Security fixes are applied to the current release and the two most recent releases.
| Version | Status |
|---|---|
| v1.1.2 | ✅ Active support |
| v1.1.0 | ✅ Active support |
| < v1.0.x | ❌ Not supported |
As new versions are released, this table will be updated to reflect the current support window. Versions that fall outside the two-major-version window enter deprecated status and are acknowledged but no longer actively patched. Versions older than that are archived to cold storage. Retrieval of archived versions is available as a paid service — contact us at support@aetherassembly.org for details.
Please do not disclose security vulnerabilities in public issues.
Use GitHub private vulnerability reporting if enabled for this repository, or contact us through one of the following:
- Email: support@aetherassembly.org
- Contact form: https://forms.gle/T4i7GGzaT3HUrffm9
- Aster (GitHub): @Aster1630
- Ollie (GitHub): @OllieMochi
Please include in your report:
- A clear description of the issue
- Steps to reproduce
- Impact assessment
- Any suggested remediation or workaround
You can expect an initial acknowledgement within 7 days of receipt. After validation, the maintainers will work on a fix and coordinate disclosure timing as appropriate.

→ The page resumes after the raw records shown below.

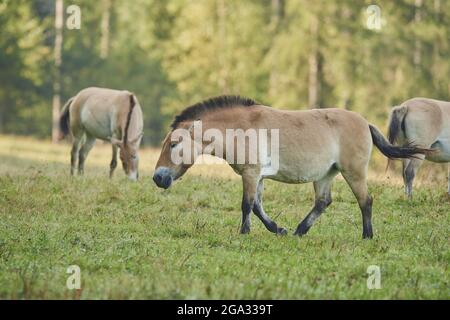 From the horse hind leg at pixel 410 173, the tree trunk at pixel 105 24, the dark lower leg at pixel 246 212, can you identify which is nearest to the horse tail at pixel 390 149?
the dark lower leg at pixel 246 212

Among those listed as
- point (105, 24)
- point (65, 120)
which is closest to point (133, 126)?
point (65, 120)

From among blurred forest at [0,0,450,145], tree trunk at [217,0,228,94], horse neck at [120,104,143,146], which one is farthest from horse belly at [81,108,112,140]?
tree trunk at [217,0,228,94]

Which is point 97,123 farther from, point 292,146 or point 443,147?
point 443,147

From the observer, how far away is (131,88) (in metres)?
38.1

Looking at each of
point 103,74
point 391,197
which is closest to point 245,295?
point 391,197

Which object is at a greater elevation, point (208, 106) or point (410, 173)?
point (208, 106)

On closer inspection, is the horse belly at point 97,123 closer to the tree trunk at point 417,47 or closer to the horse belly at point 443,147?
the horse belly at point 443,147

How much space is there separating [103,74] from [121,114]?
23.4m

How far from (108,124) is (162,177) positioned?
6.41 meters

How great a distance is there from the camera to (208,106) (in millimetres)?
9305

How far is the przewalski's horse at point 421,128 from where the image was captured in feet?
39.2

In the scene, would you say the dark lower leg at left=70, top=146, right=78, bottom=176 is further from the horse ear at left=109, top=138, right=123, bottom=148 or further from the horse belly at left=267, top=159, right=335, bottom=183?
the horse belly at left=267, top=159, right=335, bottom=183

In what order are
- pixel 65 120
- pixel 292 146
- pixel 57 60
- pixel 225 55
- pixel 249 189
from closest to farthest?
1. pixel 249 189
2. pixel 292 146
3. pixel 65 120
4. pixel 225 55
5. pixel 57 60
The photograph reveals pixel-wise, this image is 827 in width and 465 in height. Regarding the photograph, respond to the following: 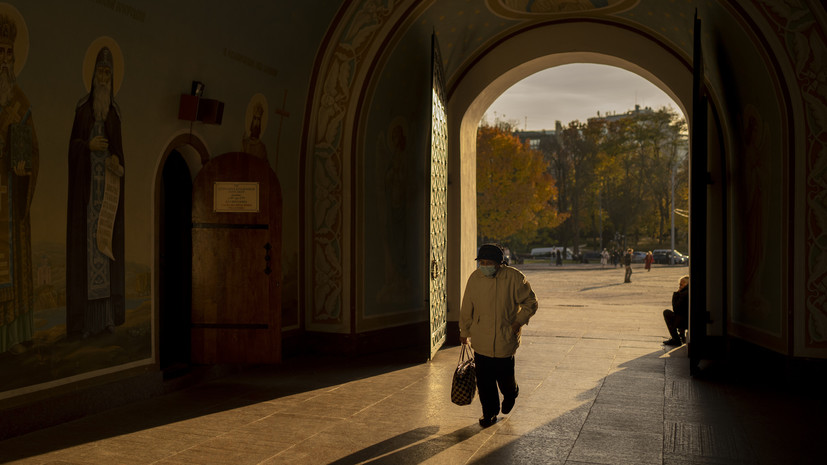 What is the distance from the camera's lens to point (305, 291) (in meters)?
10.7

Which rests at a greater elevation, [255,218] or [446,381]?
[255,218]

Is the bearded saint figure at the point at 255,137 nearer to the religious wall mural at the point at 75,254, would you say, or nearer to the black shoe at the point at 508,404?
the religious wall mural at the point at 75,254

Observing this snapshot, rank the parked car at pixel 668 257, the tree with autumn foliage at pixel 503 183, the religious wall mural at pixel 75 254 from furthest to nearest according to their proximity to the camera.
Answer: the parked car at pixel 668 257
the tree with autumn foliage at pixel 503 183
the religious wall mural at pixel 75 254

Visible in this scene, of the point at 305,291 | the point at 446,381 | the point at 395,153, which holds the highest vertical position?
the point at 395,153

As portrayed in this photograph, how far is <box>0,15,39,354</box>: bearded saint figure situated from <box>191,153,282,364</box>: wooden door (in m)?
2.30

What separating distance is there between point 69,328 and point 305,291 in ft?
14.1

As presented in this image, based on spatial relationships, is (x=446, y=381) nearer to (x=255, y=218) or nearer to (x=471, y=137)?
(x=255, y=218)

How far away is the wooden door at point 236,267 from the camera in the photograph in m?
8.40

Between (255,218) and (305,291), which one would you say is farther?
(305,291)

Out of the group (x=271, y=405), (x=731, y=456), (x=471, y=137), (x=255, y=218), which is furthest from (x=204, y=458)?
(x=471, y=137)

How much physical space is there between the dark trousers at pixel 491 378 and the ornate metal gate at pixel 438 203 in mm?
3549

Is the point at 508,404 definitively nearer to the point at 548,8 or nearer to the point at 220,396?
the point at 220,396

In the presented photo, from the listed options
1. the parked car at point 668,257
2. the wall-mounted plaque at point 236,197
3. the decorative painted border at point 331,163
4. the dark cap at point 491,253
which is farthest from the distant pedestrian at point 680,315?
the parked car at point 668,257

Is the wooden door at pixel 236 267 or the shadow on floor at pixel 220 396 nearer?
the shadow on floor at pixel 220 396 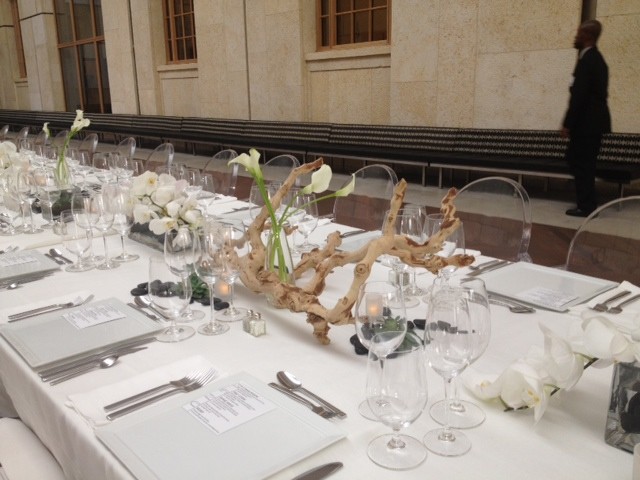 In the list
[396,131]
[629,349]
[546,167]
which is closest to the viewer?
[629,349]

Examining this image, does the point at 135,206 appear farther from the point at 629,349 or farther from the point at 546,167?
the point at 546,167

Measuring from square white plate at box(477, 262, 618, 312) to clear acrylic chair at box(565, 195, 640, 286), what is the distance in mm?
378

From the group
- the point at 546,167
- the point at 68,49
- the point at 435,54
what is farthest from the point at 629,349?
the point at 68,49

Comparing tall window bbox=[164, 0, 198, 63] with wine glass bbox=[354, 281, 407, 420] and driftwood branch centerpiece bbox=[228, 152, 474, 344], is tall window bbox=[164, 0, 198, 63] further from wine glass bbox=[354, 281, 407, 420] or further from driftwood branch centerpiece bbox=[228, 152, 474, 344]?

MindTab is a browser extension with no backend of its own. Relevant security areas include:
- Content script injection — any issue where a malicious page could abuse MindTab's content scripts
- Data leakage — any case where user text or browsing data is sent somewhere it shouldn't be
- XSS via DOM manipulation — the extension inserts UI into pages; any injection via user content or external filter list data
- Grammar server proxy — if you're running the optional self-hosted server, report proxy-level issues here too
Issues with the LanguageTool server itself should be reported upstream to the LanguageTool project.
- Bugs that require physical access to the device
- Self-XSS (the user deliberately injecting into their own session)
- Issues in browser internals or the browser extension API itself
General bugs, feature requests, and compatibility issues should be reported through the normal issue tracker.